Your instructions - Set down each record below exactly as it stands. Pictures are not part of the copy.

Extracted information -
+ + +
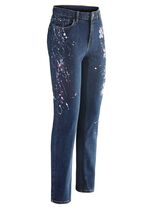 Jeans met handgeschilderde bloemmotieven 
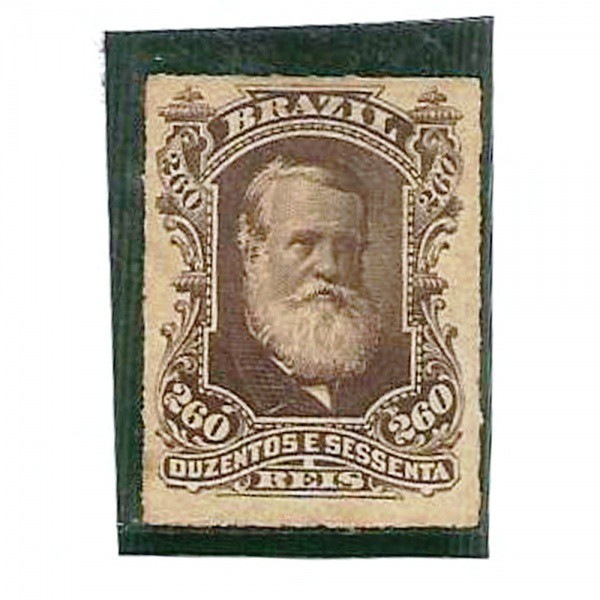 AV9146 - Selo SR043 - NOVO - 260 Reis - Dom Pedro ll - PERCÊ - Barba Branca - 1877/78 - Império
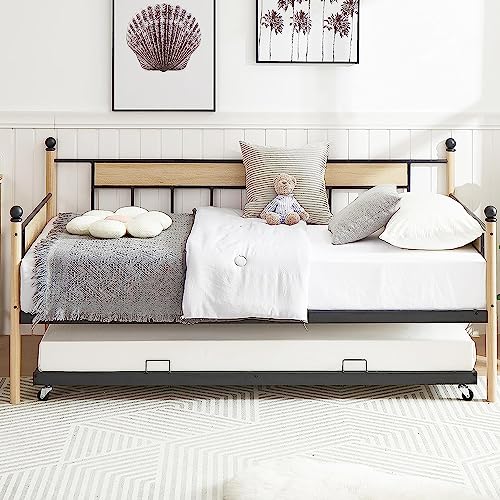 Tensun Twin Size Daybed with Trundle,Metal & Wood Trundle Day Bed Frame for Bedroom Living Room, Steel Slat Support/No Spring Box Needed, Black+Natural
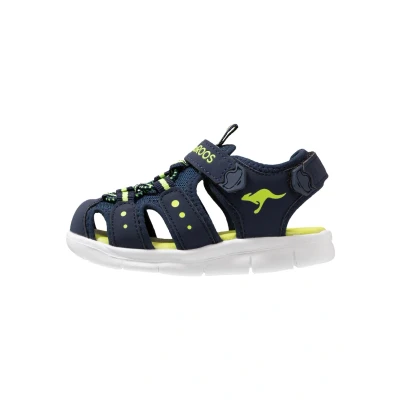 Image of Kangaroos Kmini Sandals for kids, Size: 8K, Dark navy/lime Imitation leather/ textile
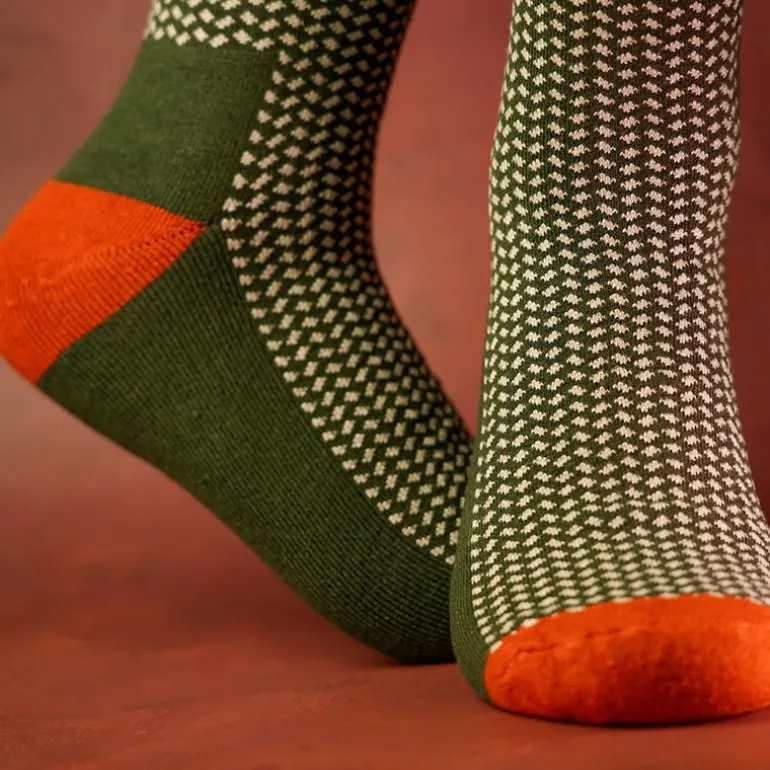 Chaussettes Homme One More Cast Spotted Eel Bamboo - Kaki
+ + +
Solution to the exercise -
 Jeans met handgeschilderde bloemmotieven 
 AV9146 - Selo SR043 - NOVO - 260 Reis - Dom Pedro ll - PERCÊ - Barba Branca - 1877/78 - Império
 Tensun Twin Size Daybed with Trundle,Metal & Wood Trundle Day Bed Frame for Bedroom Living Room, Steel Slat Support/No Spring Box Needed, Black+Natural
 Image of Kangaroos Kmini Sandals for kids, Size: 8K, Dark navy/lime Imitation leather/ textile
 Chaussettes Homme One More Cast Spotted Eel Bamboo - Kaki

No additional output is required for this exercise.